▸ AIM OF THE TASK:
Repeat the listing that follows exactly. Pictures are not part of the copy.

▸ DATASET CONTENT:
···
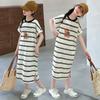 Girls Loose Fit Casual Striped Dress with Cute Print for Summer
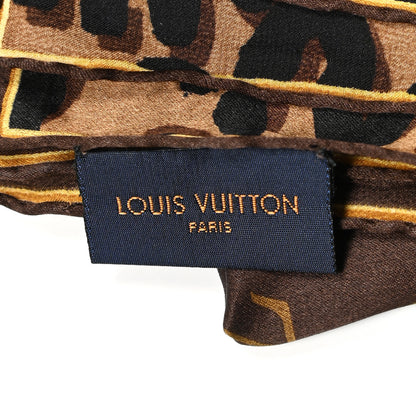 Louis Vuitton Silk Leopard Monogram Square Scarf 3 of 5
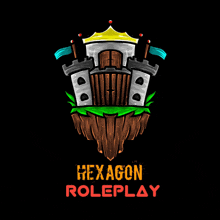 a logo for hexagon roleplay with a castle on a small island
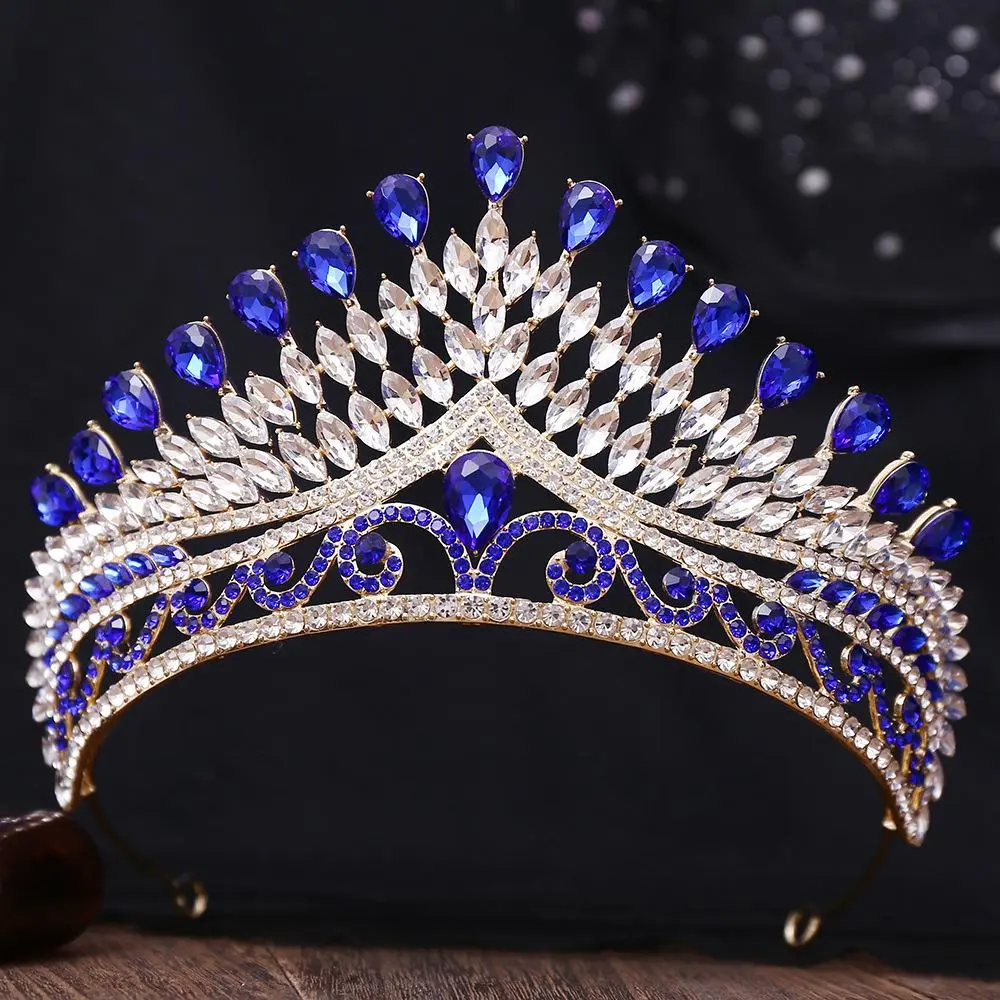 Royal Queen Wedding Crown Rhinestone Crystal Peacock Bridal Diadem Pageant Headdress Bride Tiara Hair Jewelry Accessories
···
▸ SOLUTION TO THIS PROBLEM:
 Girls Loose Fit Casual Striped Dress with Cute Print for Summer
 Louis Vuitton Silk Leopard Monogram Square Scarf 3 of 5
 a logo for hexagon roleplay with a castle on a small island
 Royal Queen Wedding Crown Rhinestone Crystal Peacock Bridal Diadem Pageant Headdress Bride Tiara Hair Jewelry Accessories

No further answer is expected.